:: What you should do ::
An unchanged copy of all the lines below is expected, and it should contain no pictures.

Short text fragments from websites:
|---|
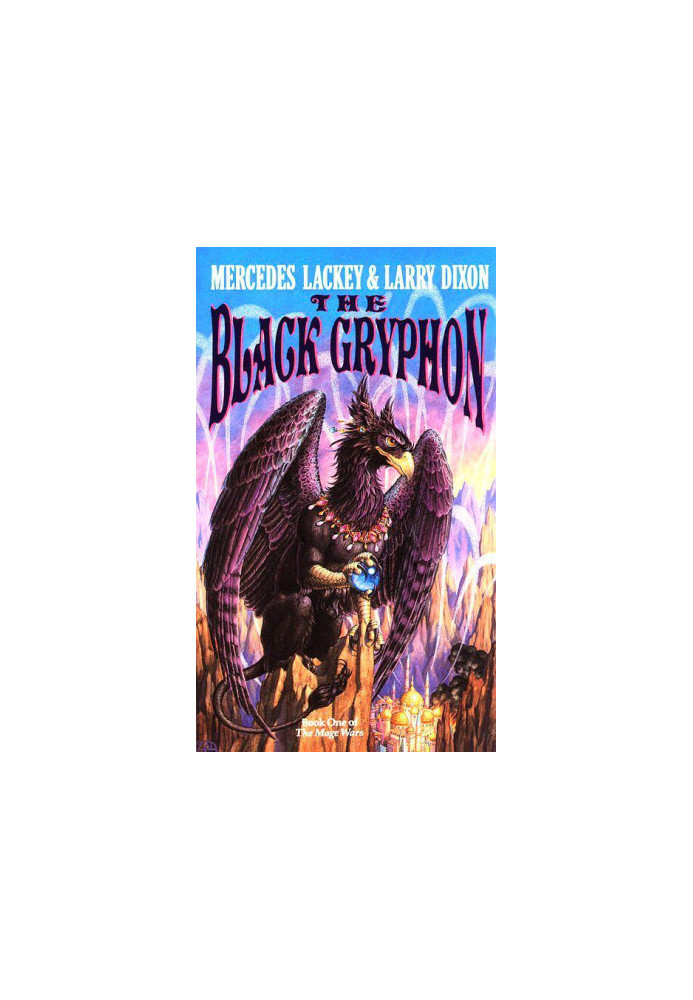 The Black Gryphon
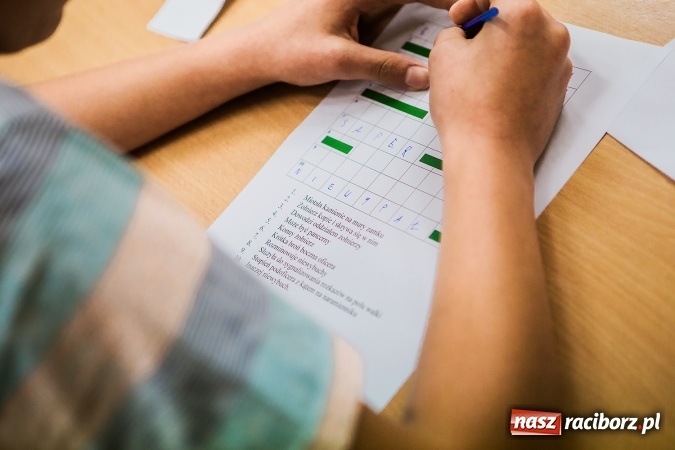 Zdjęcie w galerii na portalu naszraciborz.pl: Młody Saper 2016: Uczniowie ZSP w Brzeźnicy szukali niewybuchów wiadomości z regionu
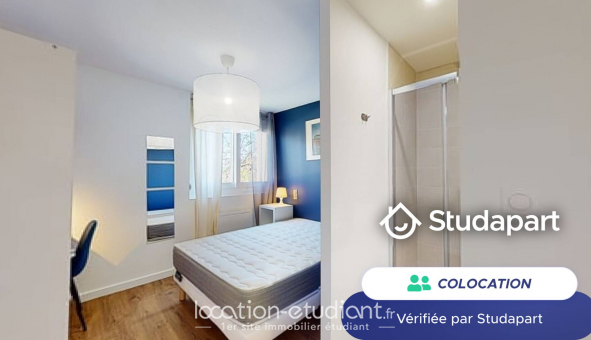 Colocation tudiante T5 à Toulouse (31500)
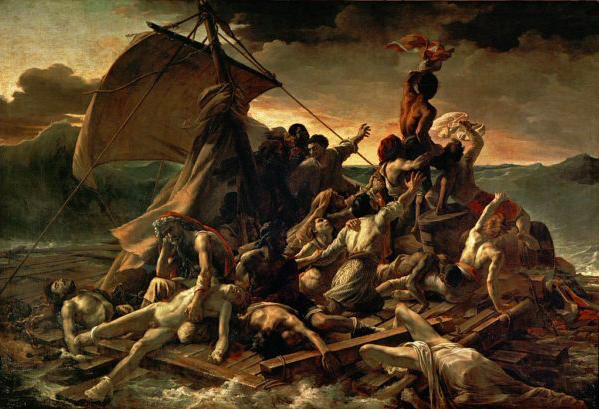 « Le radeau de la Méduse » une danse qui nous transporte dans un Odyssée fantastique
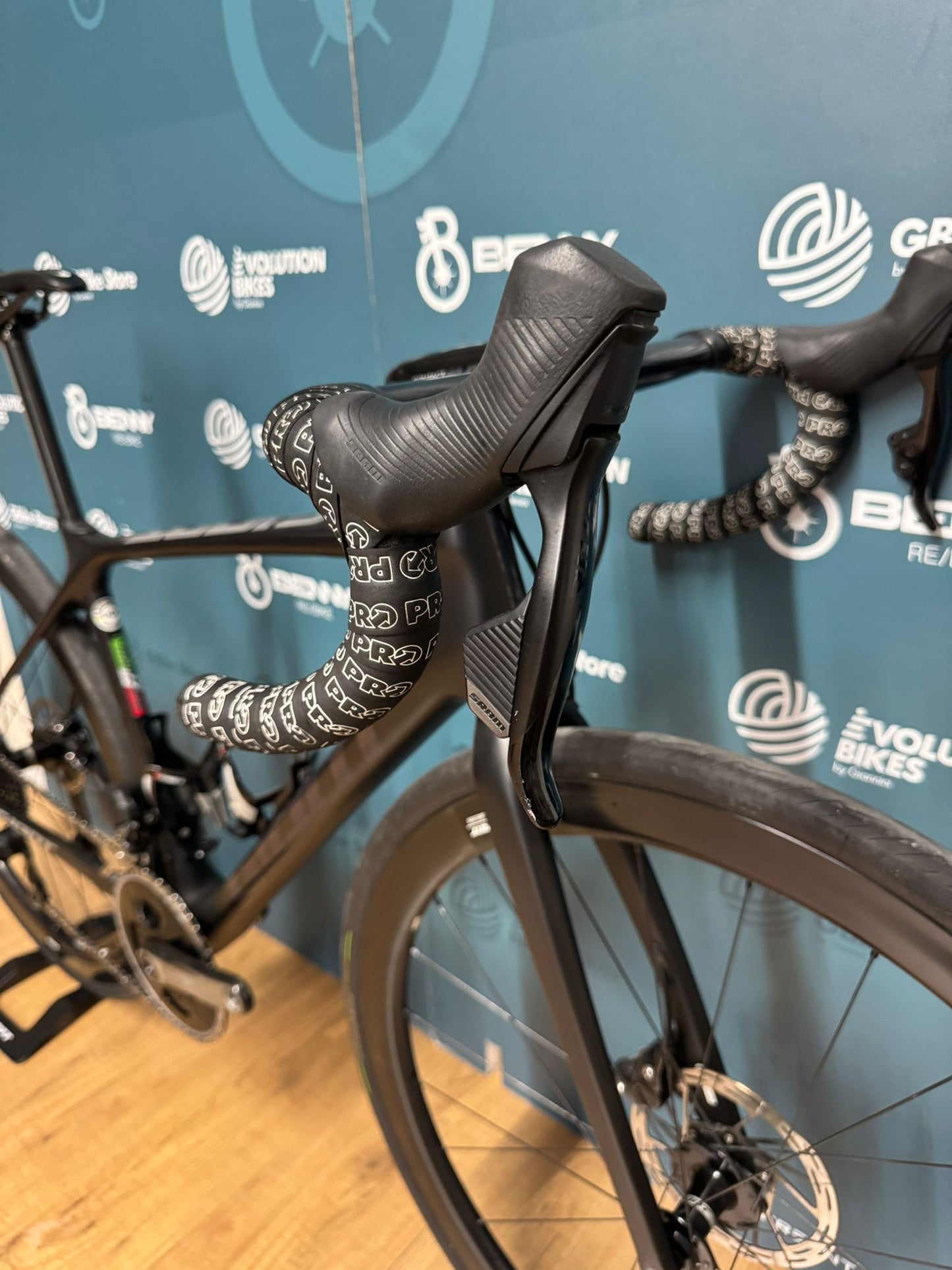 Giant TCR Advanced Disc 2 Taglia S - Usata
|---|
:: Answer below ::
 The Black Gryphon
 Zdjęcie w galerii na portalu naszraciborz.pl: Młody Saper 2016: Uczniowie ZSP w Brzeźnicy szukali niewybuchów wiadomości z regionu
 Colocation tudiante T5 à Toulouse (31500)
 « Le radeau de la Méduse » une danse qui nous transporte dans un Odyssée fantastique
 Giant TCR Advanced Disc 2 Taglia S - Usata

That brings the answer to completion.